Corzine also referred to his near-fatal accident last year, talking about how important it was for him that family members could take time off from their jobs to be with him. New Jersey's paid family leave law, he said, will allow other families to do the same in times of need.
It will allow workers to take up to six weeks of paid leave to care for sick family members, newborns, or newly adopted children. Federal law requires most employers to provide up to 12 weeks of unpaid family leave.
New Jersey workers would be eligible to receive two-thirds of their regular wage, up to $524 per week.
Workers will begin paying into a fund for the program in January through a payroll deduction, and may begin taking leaves in July 2009.
California is the only other state that offers a paid-family-leave benefit. Washington has adopted a similar measure, but it will not take effect until after New Jersey's.
The United States is unusual among industrialized nations in not offering paid family leave.
Critics of New Jersey's law, including the business community and most Republican legislators, argue that it will place an undue burden on businesses, particularly at a time when the economy is weak. "When jobs are fleeing New Jersey in record numbers and the economy is slowing, we simply cannot afford a new tax on every employee," said Senate Minority Leader Tom Kean Jr. (R., Union). "Legislative officials estimate the payroll tax will cost workers $130 million per year. This is yet one more deduction from employee paychecks - one more tax out of dozens that New Jersey residents must pay."
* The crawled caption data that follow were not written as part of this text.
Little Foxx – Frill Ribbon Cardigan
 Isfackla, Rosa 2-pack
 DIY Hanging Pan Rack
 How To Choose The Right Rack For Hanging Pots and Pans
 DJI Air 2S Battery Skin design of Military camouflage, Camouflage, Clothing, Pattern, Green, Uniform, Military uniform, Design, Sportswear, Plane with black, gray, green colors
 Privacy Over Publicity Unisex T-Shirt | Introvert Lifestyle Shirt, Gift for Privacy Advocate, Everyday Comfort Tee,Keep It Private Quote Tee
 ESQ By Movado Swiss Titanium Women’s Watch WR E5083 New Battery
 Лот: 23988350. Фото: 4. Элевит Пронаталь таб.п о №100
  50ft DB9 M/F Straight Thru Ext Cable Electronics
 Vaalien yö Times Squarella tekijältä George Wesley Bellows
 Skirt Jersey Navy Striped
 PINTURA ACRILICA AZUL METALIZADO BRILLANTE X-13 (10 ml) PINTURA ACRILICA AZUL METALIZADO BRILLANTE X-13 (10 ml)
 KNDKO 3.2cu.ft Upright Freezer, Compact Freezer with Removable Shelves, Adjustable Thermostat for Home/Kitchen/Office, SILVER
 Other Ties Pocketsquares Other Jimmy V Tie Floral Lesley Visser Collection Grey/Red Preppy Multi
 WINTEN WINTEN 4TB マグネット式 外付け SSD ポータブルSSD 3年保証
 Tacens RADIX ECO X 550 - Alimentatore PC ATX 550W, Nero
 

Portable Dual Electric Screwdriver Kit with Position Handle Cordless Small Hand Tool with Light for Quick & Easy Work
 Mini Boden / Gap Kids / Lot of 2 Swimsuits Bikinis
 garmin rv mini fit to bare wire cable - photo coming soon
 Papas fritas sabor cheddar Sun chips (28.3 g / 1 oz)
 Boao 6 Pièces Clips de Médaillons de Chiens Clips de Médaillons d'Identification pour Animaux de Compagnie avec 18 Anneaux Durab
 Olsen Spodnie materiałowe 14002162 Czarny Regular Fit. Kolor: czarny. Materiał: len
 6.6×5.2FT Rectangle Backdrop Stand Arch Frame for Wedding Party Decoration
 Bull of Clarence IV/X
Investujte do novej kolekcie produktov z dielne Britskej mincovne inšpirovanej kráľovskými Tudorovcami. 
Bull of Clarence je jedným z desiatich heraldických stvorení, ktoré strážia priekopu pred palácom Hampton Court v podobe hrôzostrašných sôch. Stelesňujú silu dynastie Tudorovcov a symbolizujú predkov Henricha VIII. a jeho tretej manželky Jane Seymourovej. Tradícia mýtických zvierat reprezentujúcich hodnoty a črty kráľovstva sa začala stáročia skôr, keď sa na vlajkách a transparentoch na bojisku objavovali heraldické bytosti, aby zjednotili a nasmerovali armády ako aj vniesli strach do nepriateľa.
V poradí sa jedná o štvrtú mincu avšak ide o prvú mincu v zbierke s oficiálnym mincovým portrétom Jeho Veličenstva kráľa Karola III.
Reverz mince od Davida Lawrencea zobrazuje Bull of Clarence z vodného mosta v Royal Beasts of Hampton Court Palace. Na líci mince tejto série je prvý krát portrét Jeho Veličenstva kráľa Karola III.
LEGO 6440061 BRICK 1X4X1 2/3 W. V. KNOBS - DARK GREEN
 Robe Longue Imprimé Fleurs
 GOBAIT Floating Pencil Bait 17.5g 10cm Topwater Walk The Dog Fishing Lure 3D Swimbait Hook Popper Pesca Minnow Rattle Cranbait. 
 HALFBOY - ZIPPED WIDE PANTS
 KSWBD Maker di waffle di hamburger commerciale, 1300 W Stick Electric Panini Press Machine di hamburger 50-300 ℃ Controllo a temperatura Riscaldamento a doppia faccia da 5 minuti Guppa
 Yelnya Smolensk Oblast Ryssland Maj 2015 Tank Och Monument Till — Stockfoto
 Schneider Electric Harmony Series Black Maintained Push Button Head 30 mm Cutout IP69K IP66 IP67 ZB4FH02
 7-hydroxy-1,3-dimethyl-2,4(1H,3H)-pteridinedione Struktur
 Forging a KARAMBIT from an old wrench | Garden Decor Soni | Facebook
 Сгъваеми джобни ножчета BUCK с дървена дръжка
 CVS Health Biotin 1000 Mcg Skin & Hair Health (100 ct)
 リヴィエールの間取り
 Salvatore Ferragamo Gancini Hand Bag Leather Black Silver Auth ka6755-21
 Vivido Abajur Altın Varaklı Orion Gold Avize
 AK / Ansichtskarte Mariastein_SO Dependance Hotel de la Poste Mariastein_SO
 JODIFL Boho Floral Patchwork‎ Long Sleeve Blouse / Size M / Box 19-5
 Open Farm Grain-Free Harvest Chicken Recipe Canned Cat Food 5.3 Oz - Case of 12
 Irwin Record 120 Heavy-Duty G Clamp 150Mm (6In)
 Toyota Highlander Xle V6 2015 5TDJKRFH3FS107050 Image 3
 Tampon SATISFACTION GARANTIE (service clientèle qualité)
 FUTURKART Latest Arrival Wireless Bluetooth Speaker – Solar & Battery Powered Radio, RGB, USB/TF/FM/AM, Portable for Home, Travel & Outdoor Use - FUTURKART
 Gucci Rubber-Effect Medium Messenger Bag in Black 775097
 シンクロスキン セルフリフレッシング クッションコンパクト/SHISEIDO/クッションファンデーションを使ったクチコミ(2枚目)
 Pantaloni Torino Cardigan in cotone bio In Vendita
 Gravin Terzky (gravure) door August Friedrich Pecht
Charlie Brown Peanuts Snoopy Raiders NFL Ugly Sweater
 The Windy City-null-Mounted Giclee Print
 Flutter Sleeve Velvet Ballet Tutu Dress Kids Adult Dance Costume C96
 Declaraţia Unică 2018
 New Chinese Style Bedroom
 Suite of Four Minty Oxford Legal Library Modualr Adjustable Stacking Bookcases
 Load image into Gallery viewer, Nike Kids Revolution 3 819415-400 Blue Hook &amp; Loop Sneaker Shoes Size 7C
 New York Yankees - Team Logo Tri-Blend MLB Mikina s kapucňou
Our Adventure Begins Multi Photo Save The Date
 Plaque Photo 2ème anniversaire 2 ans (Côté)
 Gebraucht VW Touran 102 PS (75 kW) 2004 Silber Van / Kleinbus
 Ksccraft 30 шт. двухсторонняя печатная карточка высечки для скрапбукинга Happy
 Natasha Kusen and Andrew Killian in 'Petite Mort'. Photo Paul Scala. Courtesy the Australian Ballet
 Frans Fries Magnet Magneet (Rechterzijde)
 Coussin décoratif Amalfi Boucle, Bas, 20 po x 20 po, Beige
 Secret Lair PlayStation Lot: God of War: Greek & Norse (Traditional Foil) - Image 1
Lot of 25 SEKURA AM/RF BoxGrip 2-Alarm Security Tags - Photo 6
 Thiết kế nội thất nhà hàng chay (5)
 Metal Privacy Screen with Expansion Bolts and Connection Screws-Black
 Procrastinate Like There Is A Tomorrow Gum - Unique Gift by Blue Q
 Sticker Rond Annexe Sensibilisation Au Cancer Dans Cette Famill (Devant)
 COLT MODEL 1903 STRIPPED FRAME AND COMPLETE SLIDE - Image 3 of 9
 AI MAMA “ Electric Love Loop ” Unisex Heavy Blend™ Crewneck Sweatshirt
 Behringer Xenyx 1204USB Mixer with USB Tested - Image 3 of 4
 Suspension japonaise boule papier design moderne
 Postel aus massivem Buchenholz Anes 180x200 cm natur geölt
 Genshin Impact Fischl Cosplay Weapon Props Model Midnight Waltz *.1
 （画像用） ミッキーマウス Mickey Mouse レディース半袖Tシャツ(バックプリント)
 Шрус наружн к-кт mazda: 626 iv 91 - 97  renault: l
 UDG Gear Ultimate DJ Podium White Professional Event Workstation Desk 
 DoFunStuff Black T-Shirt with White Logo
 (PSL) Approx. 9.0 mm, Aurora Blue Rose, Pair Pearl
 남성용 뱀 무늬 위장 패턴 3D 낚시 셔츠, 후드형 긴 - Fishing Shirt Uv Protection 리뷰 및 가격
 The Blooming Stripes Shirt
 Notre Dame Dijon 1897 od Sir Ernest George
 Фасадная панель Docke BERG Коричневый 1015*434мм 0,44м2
The New Jersey Business and Industry Association, which opposed the measure, said its members sent more than 50,000 messages to the governor and the legislature urging them not to approve it.
"The law is likely to extract a steep economic price down the road in the form of lost jobs and a further deterioration of New Jersey's already poor business climate," said association president Philip Kirschner. "Rarely have we seen a more unpopular law. We believe paid leave will undermine the state's ability to retain and attract private-sector jobs."
The association noted that unlike the federal leave law, New Jersey's does not exempt businesses with fewer than 50 employees.
But advocates were ecstatic yesterday, praising Corzine and the legislative leaders, including Sens. Stephen Sweeney (D., Gloucester) and Barbara Buono (D., Middlesex) and Assemblyman Nelson Albano (D., Cape May), who pushed the bill through.
Some argued that instead of being anti-business, the law would help New Jersey employers.
"This is a critically important victory for working families in the state, and one that will be good for businesses as well, helping them retain the skilled workers they have hired and trained," said Debra L. Ness, president of the National Partnership for Women and Families.
Charles Wowkanech, president of the New Jersey State AFL-CIO, also praised the passage of the bill.
"No longer will families have to make the very difficult and often painful decisions of caring for a newborn baby in their first weeks of life or caring for a critically ill family member, or going to work in order to pay the mortgage," Wowkanech said. "I believe that the values of America are better than that, and today New Jersey continues to lead the way to a more balanced, family-friendly society."